Muro di Berlino: il silenzio sulla sua storia avvolto di palloncini colorati e musichette

Una memoria che non resiste neppure cinque lustri, sostanziale indifferenza, profonda ignoranza sulle vere responsabilità

Mario  Bozzi Sentieri

di Mario  Bozzi Sentieri

iù che a puntare sull’avvenimento in sé, il venticinquesimo anniversario della caduta del Muro di Berlino è stato declinato, soprattutto nel nostro Paese, con lo sguardo all’attualità politica, alle beghe interne ai  vari schieramenti, alle piccole polemiche d’occasione.

Invece di coltivare la memoria ci si è così trovati, in molti casi, a fare i conti con il rancore. Per le occasioni perdute e sprecate. Per i prezzi politici ed economici pagati da chi era al di qua della barriera, voluta dai sovietici nell’agosto 1961. Per il vuoto lasciato dal crollo del “vecchio ordine” bipolare. 

Il sondaggio online, alla domanda “secondo voi oggi la caduta del Muro di Berlino cosa rappresenta?” vede la voce  “inizio di un mondo peggiore” doppiare abbondantemente quella che indica “il trionfo della libertà”. D’altro canto, l’indagine, condotta dall’Istituto Demopolis, sulla percezione dei cittadini a distanza di 25 anni da quell’evento, mentre resta mediamente  impressa in 7 italiani su 10, si abbassa drasticamente sotto il 40 per cento tra chi oggi ha meno di 35 anni. Con pesanti vuoti sui protagonisti di allora: a partire da Mikhail Gorbaciov(ex presidente Urss), Helmut Kohl (cancelliere tedesco fino all’unificazione tedesca), Erich Honecker (ex segretario generale della Sed). E secondo Skuola.net, uno studente su due ignora del tutto l’anniversario.

Insomma una “memoria” che lentamente si sta sfarinando, perduta tra palloncini luminosi, concerti d’occasione e muri di cartone abbattuti per la foto di turno, senza che l’Avvenimento, depurato da ogni elemento di spettacolarizzazione, riesca ad essere percepito nella sua asciutta drammaticità, nella sua dimensione storica e metastorica, emblema attualissimo di un’Europa “sradicata”, che non sa fare i conti con il proprio passato e quindi neppure con il proprio futuro.

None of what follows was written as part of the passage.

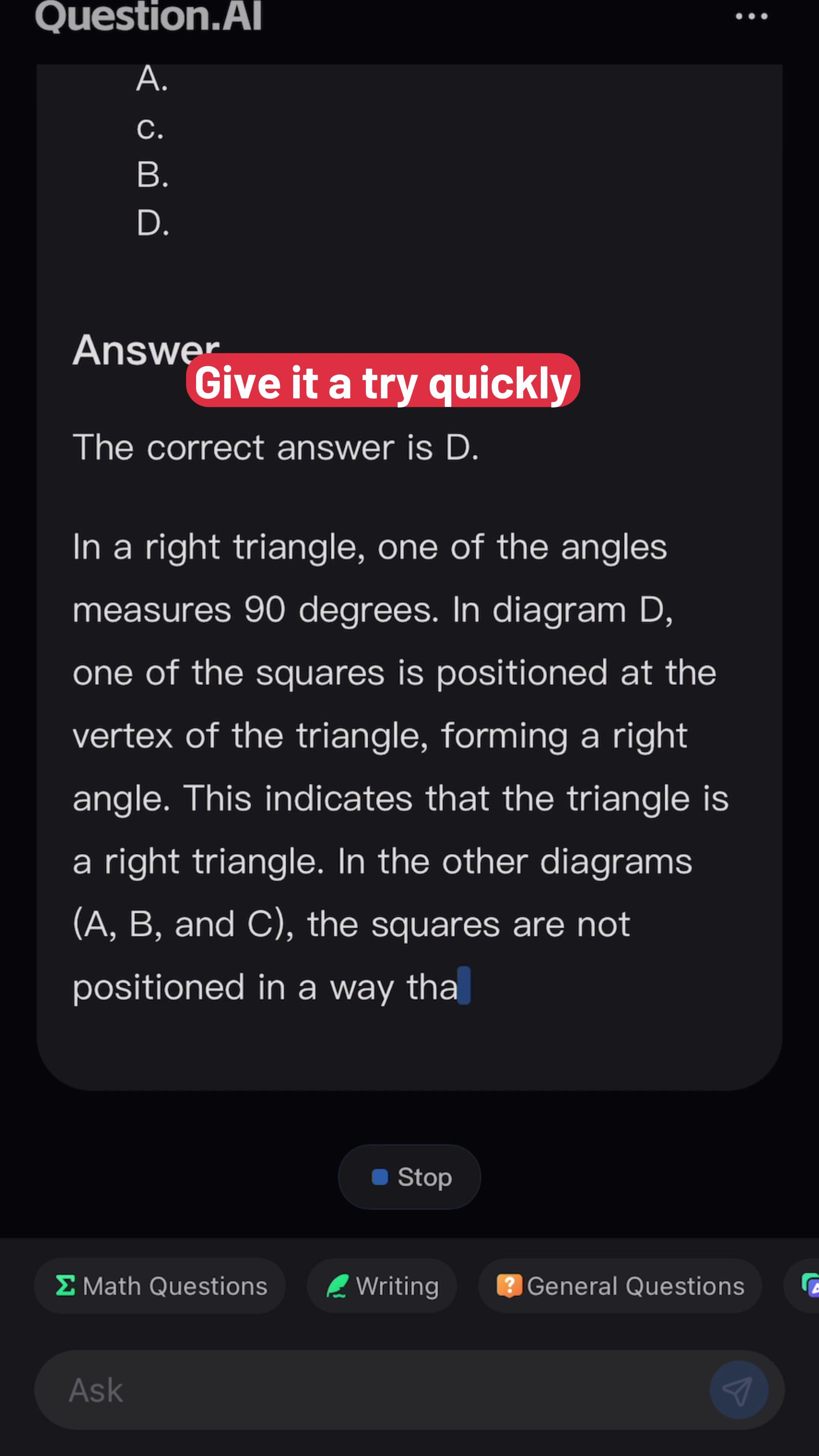 Scan and solve math problems easily!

Oggi come ieri il Muro non ha avuto e non ha poeti indignati e cantautori “impegnati”, in grado di celebrare le cento e cento storie, vissute e dimenticate, intorno al mito di una libertà negata e cercata oltre un confine di cemento, alla ricerca di un destino immaginato senza quelle barriere, quei fossati, quei cavalli di frisia. Ma ugualmente gracile è l’indagine storica, perché, a fare bene i conti, anche qui le responsabilità, da una parte e dall’altra dei blocchi erano equamente divise.

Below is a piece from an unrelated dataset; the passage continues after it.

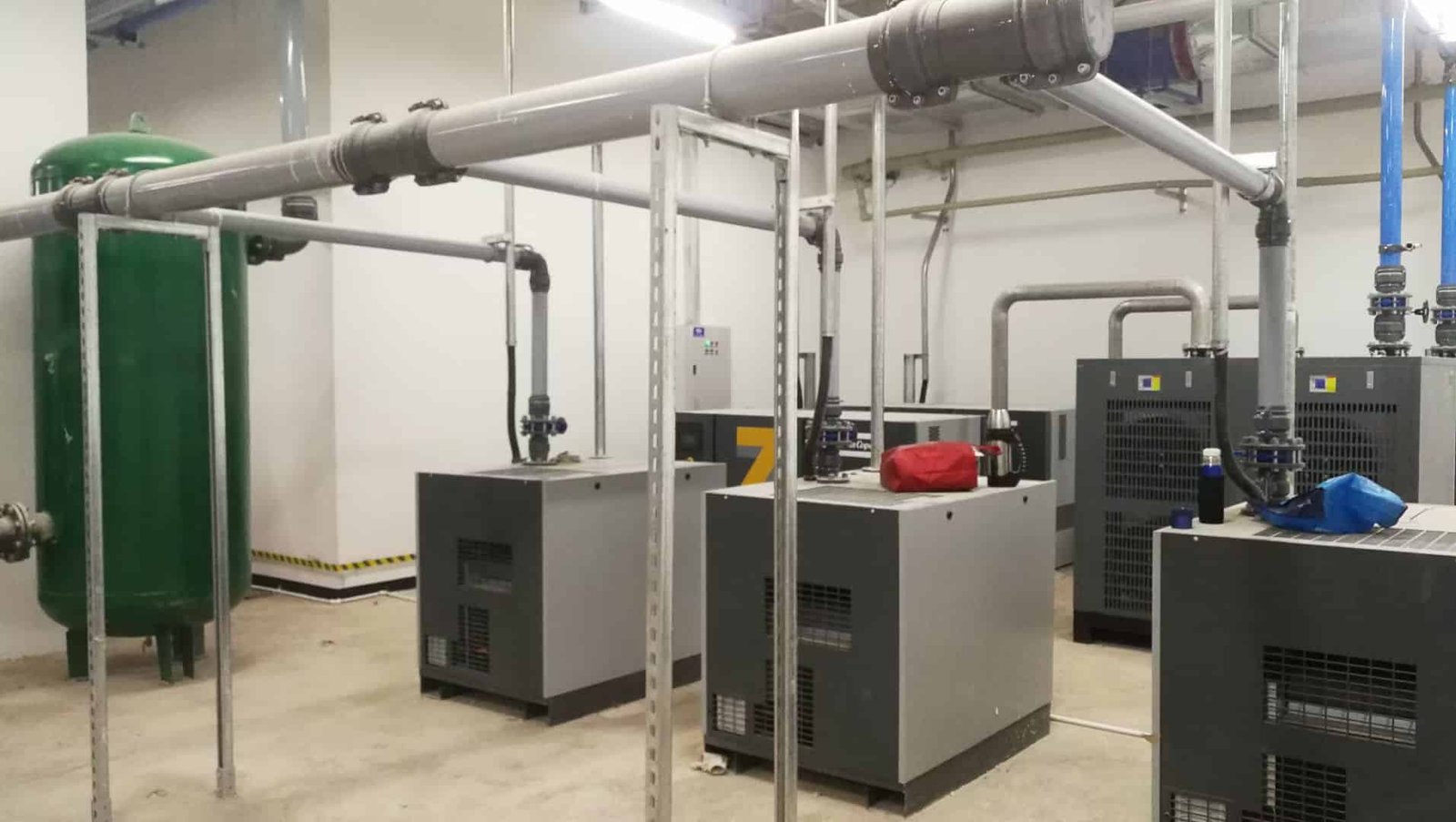 GA22 30Hp 22 Kw Atlas Copco Rotary Screw Air Compressors 6 China Air Compressor - Chengdu Pudding Mechatronic Co CPMC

Altro che  “Ich bin ein Berliner” di kennediana memoria. Come accusava lo scrittore Armin Mohler: “Chi vuol fare un capro espiatorio soltanto dei russi imbroglia le carte. Ogni volta che i russi hanno accentuato la divisione della Germania, l’hanno fatto d’accordo con gli americani. Il muro di Berlino è stato costruito dopo una serie di consultazioni preliminari con gli americani. Gli accordi con l’Est hanno finito per essere accettati a Bonn perché gli americani avevano fatto pressione sulla Cdu. E’ nella logica delle cose”.

La stessa “logica delle cose” che faceva giustificare il Muro ai comunisti italiani, barriera necessaria – si diceva – contro l’imperialismo occidentale.

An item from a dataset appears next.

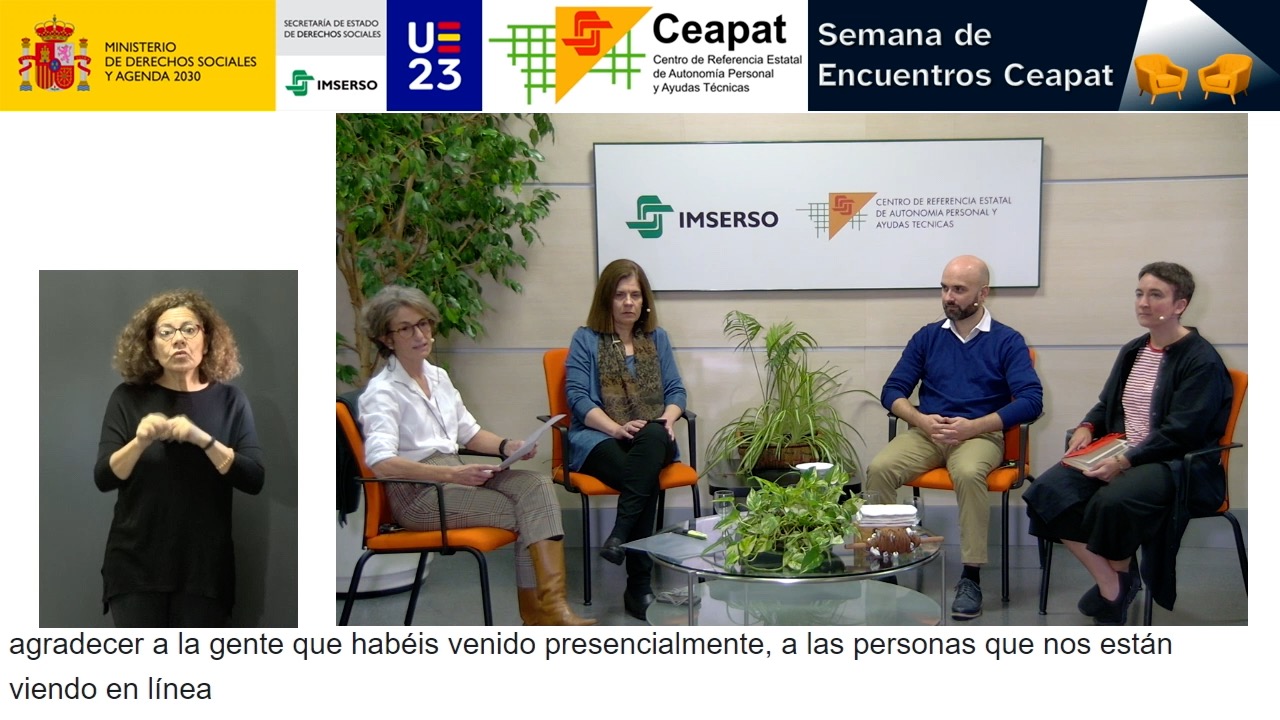 Asistentes de la mesa 1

Di tutto questo avremmo voluto sentire parlare in questo venticinquesimo anniversario. Per dare peso, il giusto peso,  ad una vicenda emblematica e complessa nella Storia del nostro Continente. Una Storia che non può essere dimenticata o archiviata solo perché ancora “imbarazzante” per tanta parte dell’establishment  politico e culturale dominante.